Opennmt-tf : train a transformer model with case factors (a.k.a. case features) possible?

Hi, everyone,
after having read the latest announcements on source factors (a.k.a. case features) I’m wondering if it’s possible now to train a transformer model with Opennmt-tf by using source/target case annotations similar to how it worked with former Opennmt-lua, e.g. cat [src|tgt] | tokenizer --case_feature […]
If so, would it be possible even to train it with a subword model, e.g. sentencepiece?
Thanks for any answer that makes things clearer.

1 Like

Hi,

Only source factors/features are currently implemented in OpenNMT-tf, OpenNMT-py, and CTranslate2. So you cannot use target case annotations as you used in OpenNMT-lua.

The current alternative is the tokenizer option case_markup which can be used for both the source and the target:

$ echo "Hello World!" | cli/tokenize --case_markup --soft_case_regions
⦅mrk_case_modifier_C⦆ hello ⦅mrk_case_modifier_C⦆ world ■!

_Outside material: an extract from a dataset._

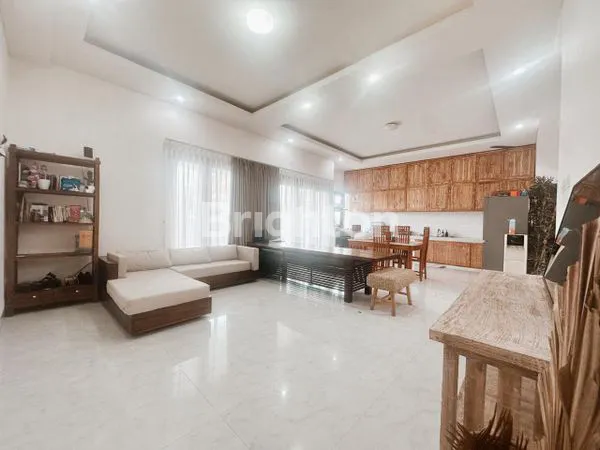 image RUMAH MEWAH LOKASI TIBUBENENG CANGGU (2)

$ echo "⦅mrk_case_modifier_C⦆ hello ⦅mrk_case_modifier_C⦆ world ■!" | cli/detokenize 
Hello World!

This approach works well and does not require any model changes.

1 Like

Hi Guillaume,
thanks for your immediate reply. BTW : great improvements, thank you!
Aah, I see : markup is protected, so it works transparently.
When dealing with subword model, e.g. sentencepiece : is it better to split first and apply markup second? Should work better IMHO when using with tokenize --segment_case - or am I missing something?

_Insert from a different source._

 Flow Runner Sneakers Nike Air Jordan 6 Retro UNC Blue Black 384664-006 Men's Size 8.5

As you noticed, case_markup requires segment_case so it is automatically enabled:

echo "WiFi" | cli/tokenize --case_markup --soft_case_regions --joiner_annotate
⦅mrk_case_modifier_C⦆ wi■ ⦅mrk_case_modifier_C⦆ fi

Ideally the subword model should be trained and applied after this case markup tokenization so that the subword model is case insensitive. BPE always requires a pretokenization so this is how it works anyway, but SentencePiece is usually applied on the whole sentence. In that case we suggest to train SentencePiece with a pretokenization, like BPE.

You can achieve that when training the subword models with the OpenNMT Tokenizer: Tokenizer/bindings/python at master · OpenNMT/Tokenizer · GitHub

case_markup with SentencePiece applied on the full sentence is an open issue:

Perfect answer - thanks!
Cheers, Martin

1 Like